Aside from an odd sensation in one of my sinuses, that was a wholly unpainful procedure. Don’t even have a sore throat.

But I do wonder if I was in any pain or discomfort during the bronchoscopy–considering they stuck a tube up my nose–but I simply can’t remember it. ‘Course I also had a lot of numbing agent, so the odds of me feeling anything even if I could remember it are slim to none.

Weird.

First thing I did as soon as I could swallow and therefore eat/drink again, was have a big cup of coffee. Tube-in-nose notwithstanding, I was hurting for my caffeine fix.


Writing Stuff:

Obviously, not much writing got done yesterday. I was loopy for hours after I got home, quite incapable of putting written words in any semblance of decent order.

But I did check the Abyss & Apex site and while it seems that part ii of issue #9 is still in the process of being published, “Inside the Witch’s Oven” is up, as is a poem by Tim Myers. The link to the short by Bruce Boston, however, is still not functional. I’ll be sharing a TOC with Bruce Boston! Eventually.

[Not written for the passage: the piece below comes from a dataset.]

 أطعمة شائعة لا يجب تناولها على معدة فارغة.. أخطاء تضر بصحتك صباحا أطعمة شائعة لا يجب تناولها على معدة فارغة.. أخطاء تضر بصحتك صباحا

I’m also amused that “Witch’s Oven” is the opening story of part ii. Very cool.

Fun with Excel

Had a follow-up with my Rheumatologist today. He agreed to finally wean me completely off the Prednisone. At last.

Had some major problems with my right contact lens at work today. Not sure what was wrong, but I couldn’t tolerate the thing in my eye, so I took it out. Unfortunately, I didn’t have either lens case or glasses with me, so I spent the last couple hours at work with 1.5 eyes. The drive home was . . . interesting. I was seriously considering sticking a post-it over my eye as an impromptu eye patch to at least give me some semblance of decent vision, but figured it wouldn’t stay even if I did. And my eye still hurts. Ow.

Writing stuff:

Progress is not being made. Instead, I’ve been playing with Excel. I migrated all my MS Word logs to Excel spreadsheets, and then merrily ran stats on everything I could think of.

Submissions out: 33
Average # days waiting: 67

Genre/length Breakdown:
Fantasy short stories: 15
Horror short stories: 4
Science Fiction short stories: 6
Children’s stories: 6
Book length works: 1
flash stories: 1

Sales: 30
Average # subs per story: 6
# sold on first trip out: 11
Rejections/sales ratio: 10/1
(For 2004: 5/1)

Breakdown:
Fantasy: 3
Horror: 9
Science Fiction: 4
Children’s: 6
Flash/Excerpts: 6
Reprints: 2

Total works (both out and sold): 61

Breakdown:
Fantasy: 18
Horror: 13
Science Fiction: 10
Children’s: 12
Flash/Excerpts: 7
Book length: 1

I need to quit putzing around with numbers and get some words written. Sheesh.